The New Zealand dollar ran hot again yesterday, hitting another post-float high on its Trade-Weighted Index (TWI) and raising the possibility of overt Reserve Bank intervention to bring it back down.
The currency hit a record 79 on the index, which measures the Kiwi against the currencies of New Zealand's main trading partners.
The currency also made solid gains against the US dollar, trading at US85.9c - its highest point since August 2011.
A poorer-than-expected jobs report in Australia saw the cross rate gain in New Zealand's favour to A81.75c from A81.30c just before the report's release. The cross rate has gained about A3c in a month.

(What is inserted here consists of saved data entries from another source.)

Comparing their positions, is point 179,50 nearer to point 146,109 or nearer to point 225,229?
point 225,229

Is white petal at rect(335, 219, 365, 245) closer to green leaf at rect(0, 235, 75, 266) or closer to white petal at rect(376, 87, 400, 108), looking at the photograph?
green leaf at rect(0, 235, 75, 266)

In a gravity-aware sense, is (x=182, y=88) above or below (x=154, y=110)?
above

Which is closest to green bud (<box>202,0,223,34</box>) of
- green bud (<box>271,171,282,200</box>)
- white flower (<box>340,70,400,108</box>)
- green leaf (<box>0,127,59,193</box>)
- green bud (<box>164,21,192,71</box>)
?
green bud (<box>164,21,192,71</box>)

Dealers said the New Zealand dollar was being driven by foreign investors' appetite for yield, given the zero or near zero interest rates available in Japan and the United States, and a relatively positive New Zealand economic story.
Assuming no more Cyprus-style upsets on world markets, dealers expect the currency to break its post-float record high of US88.40c some time this year.
Westpac senior currency strategist Imre Speizer said the currency met all but one of the Reserve Bank's intervention criteria.
For the bank to act, the exchange rate must be exceptionally high or low and unjustified by economic fundamentals. Intervention must be also consistent with the Policy Targets Agreement the bank has with the Government.
According to its guidelines, conditions in markets must be opportune and allow intervention a reasonable chance of success.
Speizer said the currency "ticked all the boxes" except for the last one. "Would it be opportune? That's arguable," he said.